TASK INSTRUCTIONS
Whenever a line contains the string "July", copy it out of the entries.

(Short web captions)
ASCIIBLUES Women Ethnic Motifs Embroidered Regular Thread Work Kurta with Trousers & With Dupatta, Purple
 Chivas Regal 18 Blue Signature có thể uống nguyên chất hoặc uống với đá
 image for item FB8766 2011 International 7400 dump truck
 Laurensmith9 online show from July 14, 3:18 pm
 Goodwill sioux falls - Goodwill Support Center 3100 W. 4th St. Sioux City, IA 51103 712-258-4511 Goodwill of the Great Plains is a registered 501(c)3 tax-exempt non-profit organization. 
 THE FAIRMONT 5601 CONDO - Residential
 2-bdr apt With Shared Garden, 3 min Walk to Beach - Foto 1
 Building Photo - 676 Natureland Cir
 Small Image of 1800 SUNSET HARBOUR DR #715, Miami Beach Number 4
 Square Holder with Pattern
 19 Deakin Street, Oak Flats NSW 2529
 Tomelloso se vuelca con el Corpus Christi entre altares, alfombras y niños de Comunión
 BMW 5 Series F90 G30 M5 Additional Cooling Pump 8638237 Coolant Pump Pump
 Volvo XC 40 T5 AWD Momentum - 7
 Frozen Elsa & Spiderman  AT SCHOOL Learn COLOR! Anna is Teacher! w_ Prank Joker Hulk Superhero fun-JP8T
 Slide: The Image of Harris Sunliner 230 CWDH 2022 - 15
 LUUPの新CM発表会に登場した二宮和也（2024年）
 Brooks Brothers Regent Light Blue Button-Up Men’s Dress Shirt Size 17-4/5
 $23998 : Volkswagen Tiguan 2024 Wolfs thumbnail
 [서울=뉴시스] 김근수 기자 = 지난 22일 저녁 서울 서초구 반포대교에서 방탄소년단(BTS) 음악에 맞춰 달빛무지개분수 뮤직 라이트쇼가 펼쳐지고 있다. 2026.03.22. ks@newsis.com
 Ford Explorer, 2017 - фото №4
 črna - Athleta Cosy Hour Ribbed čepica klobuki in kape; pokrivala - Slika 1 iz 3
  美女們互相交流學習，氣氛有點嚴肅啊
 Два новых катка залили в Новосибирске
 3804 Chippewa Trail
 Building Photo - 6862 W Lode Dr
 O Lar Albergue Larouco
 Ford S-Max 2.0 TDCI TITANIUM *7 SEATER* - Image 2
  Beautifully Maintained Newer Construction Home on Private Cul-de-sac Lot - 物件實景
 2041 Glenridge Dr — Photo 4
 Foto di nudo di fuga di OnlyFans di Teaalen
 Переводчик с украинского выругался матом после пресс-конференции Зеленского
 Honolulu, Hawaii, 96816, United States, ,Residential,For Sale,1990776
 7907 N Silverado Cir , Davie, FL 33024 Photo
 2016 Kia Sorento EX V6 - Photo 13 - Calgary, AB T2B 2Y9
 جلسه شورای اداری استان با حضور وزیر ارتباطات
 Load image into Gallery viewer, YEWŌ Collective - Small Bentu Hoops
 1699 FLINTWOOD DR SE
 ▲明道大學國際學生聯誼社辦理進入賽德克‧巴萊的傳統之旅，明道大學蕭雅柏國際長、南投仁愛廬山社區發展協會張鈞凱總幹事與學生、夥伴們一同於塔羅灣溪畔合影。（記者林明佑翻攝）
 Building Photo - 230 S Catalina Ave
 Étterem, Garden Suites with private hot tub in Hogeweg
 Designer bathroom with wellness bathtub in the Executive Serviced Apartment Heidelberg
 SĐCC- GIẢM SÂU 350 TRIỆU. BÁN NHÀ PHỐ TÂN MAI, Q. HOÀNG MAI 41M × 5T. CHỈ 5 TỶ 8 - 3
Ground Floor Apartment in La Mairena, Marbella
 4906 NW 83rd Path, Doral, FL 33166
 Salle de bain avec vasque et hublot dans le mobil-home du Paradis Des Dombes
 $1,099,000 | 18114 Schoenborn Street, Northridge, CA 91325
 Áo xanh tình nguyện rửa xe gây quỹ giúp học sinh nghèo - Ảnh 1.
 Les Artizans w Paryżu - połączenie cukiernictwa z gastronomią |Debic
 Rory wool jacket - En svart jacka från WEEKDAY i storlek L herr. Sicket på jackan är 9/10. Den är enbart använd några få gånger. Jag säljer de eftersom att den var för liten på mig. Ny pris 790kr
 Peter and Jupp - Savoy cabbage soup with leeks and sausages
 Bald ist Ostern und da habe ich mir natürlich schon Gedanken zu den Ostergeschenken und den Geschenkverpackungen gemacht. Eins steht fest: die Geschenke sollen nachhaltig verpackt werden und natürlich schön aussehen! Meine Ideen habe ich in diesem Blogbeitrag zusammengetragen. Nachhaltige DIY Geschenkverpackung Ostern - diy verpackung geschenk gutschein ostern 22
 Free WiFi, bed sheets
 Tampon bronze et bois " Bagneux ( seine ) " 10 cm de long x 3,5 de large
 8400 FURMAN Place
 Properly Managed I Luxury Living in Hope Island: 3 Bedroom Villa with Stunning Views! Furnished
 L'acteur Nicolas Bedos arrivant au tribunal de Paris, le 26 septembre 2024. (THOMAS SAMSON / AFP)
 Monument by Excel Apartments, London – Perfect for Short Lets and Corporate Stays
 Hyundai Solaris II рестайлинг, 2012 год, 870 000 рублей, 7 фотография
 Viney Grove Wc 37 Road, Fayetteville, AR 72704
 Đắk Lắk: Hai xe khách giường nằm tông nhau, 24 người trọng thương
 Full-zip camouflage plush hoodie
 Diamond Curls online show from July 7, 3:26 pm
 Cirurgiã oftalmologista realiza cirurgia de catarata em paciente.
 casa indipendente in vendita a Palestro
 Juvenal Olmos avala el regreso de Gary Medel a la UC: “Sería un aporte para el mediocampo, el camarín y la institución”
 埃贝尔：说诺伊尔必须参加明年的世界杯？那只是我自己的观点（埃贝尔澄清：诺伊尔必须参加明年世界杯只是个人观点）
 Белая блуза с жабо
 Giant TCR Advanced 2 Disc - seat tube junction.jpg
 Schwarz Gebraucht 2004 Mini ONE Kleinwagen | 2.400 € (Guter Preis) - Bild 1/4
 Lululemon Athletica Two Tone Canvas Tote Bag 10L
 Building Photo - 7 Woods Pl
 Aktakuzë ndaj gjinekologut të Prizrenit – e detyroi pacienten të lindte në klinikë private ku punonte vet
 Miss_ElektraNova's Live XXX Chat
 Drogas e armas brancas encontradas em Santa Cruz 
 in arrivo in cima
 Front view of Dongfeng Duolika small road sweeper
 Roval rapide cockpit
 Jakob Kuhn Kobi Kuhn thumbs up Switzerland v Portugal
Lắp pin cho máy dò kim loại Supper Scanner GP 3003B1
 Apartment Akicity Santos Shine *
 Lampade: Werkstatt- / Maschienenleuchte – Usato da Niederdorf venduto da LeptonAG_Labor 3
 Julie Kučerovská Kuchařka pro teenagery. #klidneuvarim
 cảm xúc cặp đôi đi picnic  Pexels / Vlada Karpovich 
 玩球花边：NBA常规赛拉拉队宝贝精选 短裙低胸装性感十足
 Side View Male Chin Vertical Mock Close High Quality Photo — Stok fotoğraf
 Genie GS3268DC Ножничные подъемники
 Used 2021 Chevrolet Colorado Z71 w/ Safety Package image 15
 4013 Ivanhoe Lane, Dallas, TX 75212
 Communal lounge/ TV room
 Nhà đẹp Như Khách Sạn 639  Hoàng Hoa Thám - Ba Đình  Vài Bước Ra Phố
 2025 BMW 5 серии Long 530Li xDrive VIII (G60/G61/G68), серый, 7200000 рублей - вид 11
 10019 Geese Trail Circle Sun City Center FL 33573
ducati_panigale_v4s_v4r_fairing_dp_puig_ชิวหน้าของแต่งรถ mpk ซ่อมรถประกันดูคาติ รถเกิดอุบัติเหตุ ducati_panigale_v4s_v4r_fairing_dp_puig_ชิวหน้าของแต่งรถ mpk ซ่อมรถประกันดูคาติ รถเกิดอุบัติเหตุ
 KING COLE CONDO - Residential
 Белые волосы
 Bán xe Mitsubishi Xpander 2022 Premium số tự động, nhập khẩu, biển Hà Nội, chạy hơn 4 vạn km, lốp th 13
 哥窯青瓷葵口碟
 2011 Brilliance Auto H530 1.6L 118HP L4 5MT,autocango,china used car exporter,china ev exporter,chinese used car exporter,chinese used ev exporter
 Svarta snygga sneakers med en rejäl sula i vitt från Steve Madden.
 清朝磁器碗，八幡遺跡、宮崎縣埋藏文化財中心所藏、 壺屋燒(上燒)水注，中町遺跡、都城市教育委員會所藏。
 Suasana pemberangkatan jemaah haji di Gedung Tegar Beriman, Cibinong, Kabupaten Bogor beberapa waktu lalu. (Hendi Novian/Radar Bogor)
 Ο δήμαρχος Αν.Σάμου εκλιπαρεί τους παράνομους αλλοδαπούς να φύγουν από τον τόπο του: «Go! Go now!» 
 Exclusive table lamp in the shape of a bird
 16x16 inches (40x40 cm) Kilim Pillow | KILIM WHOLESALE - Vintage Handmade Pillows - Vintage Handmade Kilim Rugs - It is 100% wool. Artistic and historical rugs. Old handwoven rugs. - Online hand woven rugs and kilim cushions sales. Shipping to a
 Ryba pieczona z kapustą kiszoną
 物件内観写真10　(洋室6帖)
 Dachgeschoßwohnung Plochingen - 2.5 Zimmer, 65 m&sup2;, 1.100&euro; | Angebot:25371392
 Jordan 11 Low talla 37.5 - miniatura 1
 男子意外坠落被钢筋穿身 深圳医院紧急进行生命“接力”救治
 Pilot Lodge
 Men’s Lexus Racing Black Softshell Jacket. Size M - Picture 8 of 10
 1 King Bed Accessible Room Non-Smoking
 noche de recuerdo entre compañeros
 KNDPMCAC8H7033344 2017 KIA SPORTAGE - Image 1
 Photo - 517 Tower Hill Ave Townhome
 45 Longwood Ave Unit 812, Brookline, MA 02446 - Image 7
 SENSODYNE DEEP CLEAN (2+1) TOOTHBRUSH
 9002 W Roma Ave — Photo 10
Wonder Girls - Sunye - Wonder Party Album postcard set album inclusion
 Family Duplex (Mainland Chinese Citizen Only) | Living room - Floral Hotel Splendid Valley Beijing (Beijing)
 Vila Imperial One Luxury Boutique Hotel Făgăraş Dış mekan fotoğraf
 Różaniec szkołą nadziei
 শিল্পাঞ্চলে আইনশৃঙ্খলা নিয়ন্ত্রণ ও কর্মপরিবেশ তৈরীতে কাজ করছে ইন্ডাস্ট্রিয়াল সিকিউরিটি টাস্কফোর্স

ANSWER TO THIS TASK
 Laurensmith9 online show from July 14, 3:18 pm
 Diamond Curls online show from July 7, 3:26 pm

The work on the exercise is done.